Loch-Bihan abritait plusieurs structures. La maison principale date de 1820 et c’est là que Royère passait ses vacances d’enfant. « À l’intérieur, il y avait une belle bibliothèque avec des murs lambrissés », se souvient Brian, sa nièce. « Les autres pièces n’avaient pas beaucoup de caractère. Lorsque Royère a hérité de la propriété, à la mort de sa mère en 1951, il a choisi de ne pas vivre dans cette maison. Il la loue à des cousins et transforme un ancien bâtiment agricole en maison de vacances. Dans sa demande de permis de construire, il décrit la structure comme « un vieux bâtiment délabré servant de poulailler, d’écurie et de garage ».

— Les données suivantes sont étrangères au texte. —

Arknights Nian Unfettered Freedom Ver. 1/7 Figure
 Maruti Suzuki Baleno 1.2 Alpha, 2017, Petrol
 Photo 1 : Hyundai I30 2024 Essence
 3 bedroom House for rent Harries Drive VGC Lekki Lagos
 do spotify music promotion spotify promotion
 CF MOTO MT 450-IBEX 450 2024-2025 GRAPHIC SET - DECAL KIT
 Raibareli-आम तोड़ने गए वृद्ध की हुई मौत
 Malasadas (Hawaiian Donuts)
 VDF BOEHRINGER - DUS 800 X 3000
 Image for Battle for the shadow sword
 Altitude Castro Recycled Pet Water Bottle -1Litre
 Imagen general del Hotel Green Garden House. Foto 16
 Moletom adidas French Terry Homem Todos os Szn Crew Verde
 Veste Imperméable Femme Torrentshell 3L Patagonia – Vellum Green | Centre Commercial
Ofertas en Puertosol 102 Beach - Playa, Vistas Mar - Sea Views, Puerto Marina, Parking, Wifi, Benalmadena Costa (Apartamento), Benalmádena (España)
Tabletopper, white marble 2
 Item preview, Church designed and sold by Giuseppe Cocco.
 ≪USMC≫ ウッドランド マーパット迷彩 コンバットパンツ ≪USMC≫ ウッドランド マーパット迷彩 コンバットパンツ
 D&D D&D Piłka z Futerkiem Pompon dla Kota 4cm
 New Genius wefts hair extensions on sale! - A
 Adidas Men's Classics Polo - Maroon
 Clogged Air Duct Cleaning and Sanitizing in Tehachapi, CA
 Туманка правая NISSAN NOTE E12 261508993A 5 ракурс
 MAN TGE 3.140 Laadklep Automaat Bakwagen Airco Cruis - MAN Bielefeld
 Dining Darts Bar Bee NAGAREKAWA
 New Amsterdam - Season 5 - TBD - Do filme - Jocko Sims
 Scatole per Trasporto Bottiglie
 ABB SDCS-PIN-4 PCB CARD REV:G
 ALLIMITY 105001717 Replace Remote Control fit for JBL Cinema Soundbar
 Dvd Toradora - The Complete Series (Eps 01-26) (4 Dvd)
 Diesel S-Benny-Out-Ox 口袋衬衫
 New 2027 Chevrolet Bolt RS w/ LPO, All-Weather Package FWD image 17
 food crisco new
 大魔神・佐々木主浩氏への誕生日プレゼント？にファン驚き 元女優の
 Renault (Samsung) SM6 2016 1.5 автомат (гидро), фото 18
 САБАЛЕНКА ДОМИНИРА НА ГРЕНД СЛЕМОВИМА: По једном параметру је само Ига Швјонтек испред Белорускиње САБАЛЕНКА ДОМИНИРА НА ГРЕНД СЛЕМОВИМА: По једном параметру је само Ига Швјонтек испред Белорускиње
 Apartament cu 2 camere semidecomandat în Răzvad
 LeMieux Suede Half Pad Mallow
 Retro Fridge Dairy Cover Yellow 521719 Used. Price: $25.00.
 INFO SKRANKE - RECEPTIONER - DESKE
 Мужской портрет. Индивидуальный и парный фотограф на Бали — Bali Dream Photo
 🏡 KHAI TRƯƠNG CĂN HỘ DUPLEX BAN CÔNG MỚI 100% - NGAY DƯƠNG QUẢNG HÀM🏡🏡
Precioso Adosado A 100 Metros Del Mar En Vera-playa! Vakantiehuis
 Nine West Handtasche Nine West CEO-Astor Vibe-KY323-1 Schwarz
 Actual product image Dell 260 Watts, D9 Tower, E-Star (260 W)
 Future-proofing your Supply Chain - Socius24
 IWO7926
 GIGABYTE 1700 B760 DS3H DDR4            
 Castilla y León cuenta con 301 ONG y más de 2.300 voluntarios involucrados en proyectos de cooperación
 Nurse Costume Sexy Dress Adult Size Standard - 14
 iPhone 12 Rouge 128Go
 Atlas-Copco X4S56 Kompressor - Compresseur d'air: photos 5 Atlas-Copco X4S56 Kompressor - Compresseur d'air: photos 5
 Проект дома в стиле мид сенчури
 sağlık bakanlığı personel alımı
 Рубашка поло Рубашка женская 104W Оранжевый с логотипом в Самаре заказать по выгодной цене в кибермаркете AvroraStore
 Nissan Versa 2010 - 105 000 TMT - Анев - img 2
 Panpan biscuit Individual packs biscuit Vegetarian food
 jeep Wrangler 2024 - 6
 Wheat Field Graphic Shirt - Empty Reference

La maison était assez modeste. Au rez-de-chaussée, il n’y avait qu’un salon, une salle à manger et une cuisine. Au-dessus se trouvent une salle de bains jaune canari et trois chambres à coucher. L’une d’elles est surnommée la chambre de la Reine, occupée par l’amie de Royère, l’ancienne reine d’Egypte Farida, lors de ses séjours réguliers à Auray. Il l’a meublée d’un lit à baldaquin orné de mantilles espagnoles. Ce qui frappe le plus les visiteurs, ce sont les œuvres d’art abstraites sur les murs et les portes qu’il a créées à partir de la collection de timbres de son oncle. « Il coupait les bords perforés, ce qui faisait que les timbres perdaient toute valeur », raconte Vizioz, sa petite-nièce.
Royère aménagea lui-même le jardin, plantant d’abondantes hortensias et installant un bassin d’eau avec une fontaine. Il y a également un grand potager, ainsi que les tombes de ses parents, tous deux décédés à Loch-Bihan. Lorsqu’il était en résidence, il passait une grande partie de son temps dans le domaine. « Même si c’était en plein cœur de la ville, on avait l’impression d’être dans un autre monde », raconte son avocat Philippe Paul, qui a été invité à y déjeuner à la fin des années 1970. « On n’entendait rien.
Après une visite en août 1959, la mère de Markovic, Jelena Markovic, note dans son journal que Royère recevait abondamment au Loch-Bihan, servant du caviar, du Cinzano et des poivrons farcis aux invités. « C’était un bon vivant », dit Brian. « Il avait toujours de la belle vaisselle et des couverts gravés aux armes de la famille.
On ne saurait trop insister sur l’importance du Loch-Bihan pour lui. « Ce n’était pas une propriété comme les autres », remarque le marchand parisien Patrick Seguin, spécialiste de la Royère. « Il est très émouvant de constater une certaine retenue dans sa décoration, qui reflète son attachement à l’histoire de sa famille. Et Brian d’ajouter : « C’était une partie de lui, c’était ses racines. Il a gardé un amour profond de la Bretagne jusqu’à la fin de sa vie.
Quel dommage que la propriété n’ait pas été préservée après sa mort. Après des mois de recherches sur la vie de Royère à Auray, je ne peux m’empêcher de m’indigner qu’elle ait été vendue entre 2003 et 2005 à un promoteur immobilier qui a pu la démolir. Mais à l’époque, l’œuvre de Royère n’était pas encore totalement redécouverte, et ses canapés et fauteuils ne rapportaient pas encore des millions aux enchères. Mes discussions avec les archivistes de la ville m’ont permis de constater qu’ils partageaient mes regrets. Ils ont commencé à organiser des visites guidées de Royère il y a quelques années, mais ils ont arrêté parce qu’il reste très peu de choses à voir pour les visiteurs.
Je ne demande qu’à ramener un peu du maître à Auray, ne serait-ce que temporairement. Au retour des vacances d’été des autorités municipales, j’espère étudier la possibilité d’organiser une exposition Royère dans le lieu qui a conquis son cœur – et maintenant le mien.